- **Data block**
*** Begin section ***

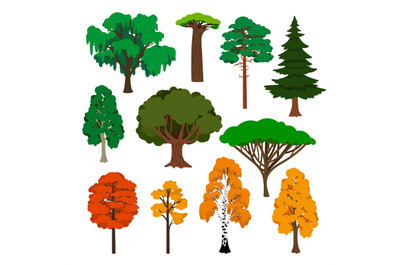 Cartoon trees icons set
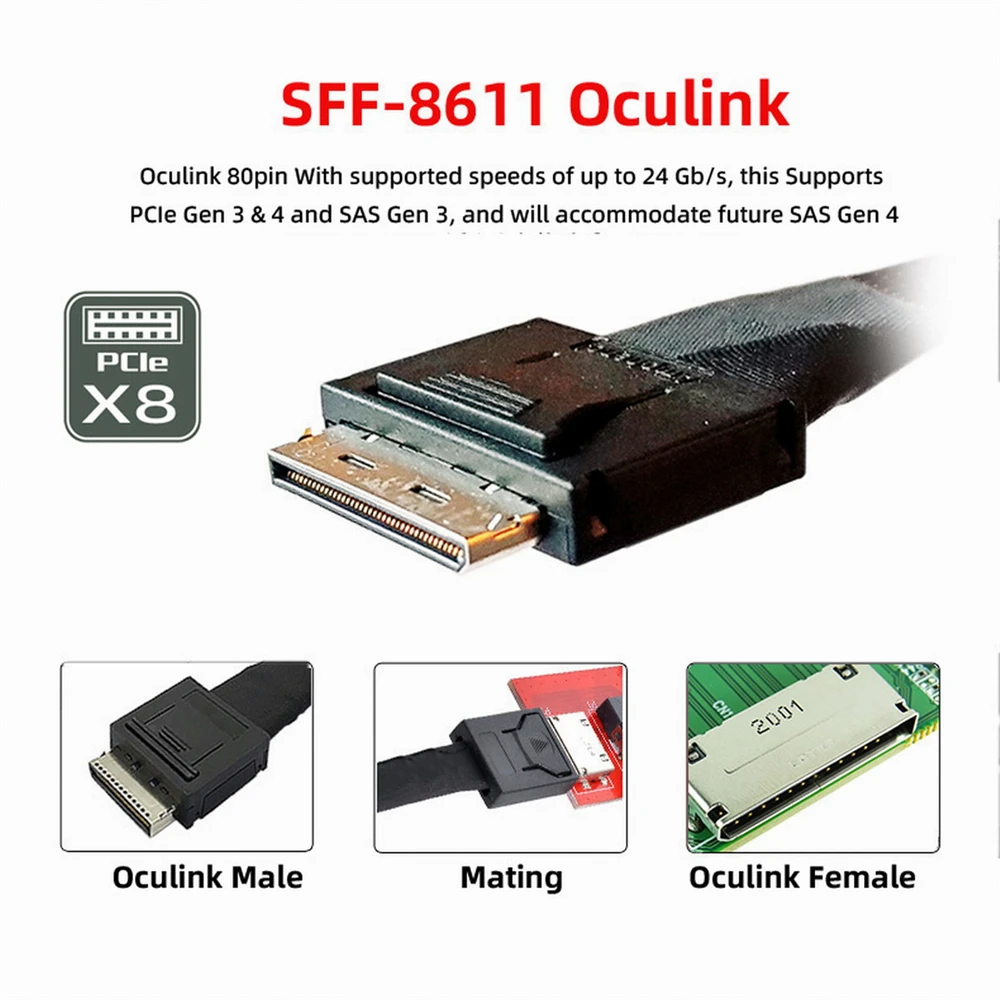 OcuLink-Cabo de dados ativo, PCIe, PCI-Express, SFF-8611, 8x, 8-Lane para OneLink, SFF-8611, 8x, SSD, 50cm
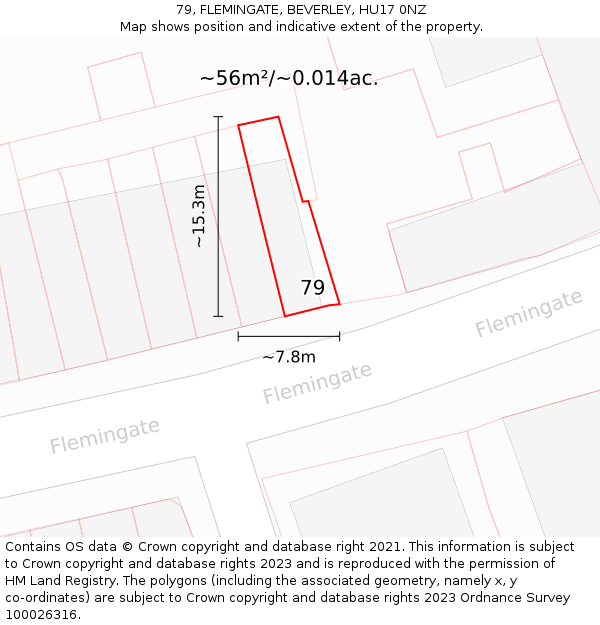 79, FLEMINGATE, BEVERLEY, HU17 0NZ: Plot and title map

*** End section ***

- **Aim of the task**
With the pictures omitted, print each line of the data above precisely as given.

- **Task response**
 Cartoon trees icons set
 OcuLink-Cabo de dados ativo, PCIe, PCI-Express, SFF-8611, 8x, 8-Lane para OneLink, SFF-8611, 8x, SSD, 50cm
 79, FLEMINGATE, BEVERLEY, HU17 0NZ: Plot and title map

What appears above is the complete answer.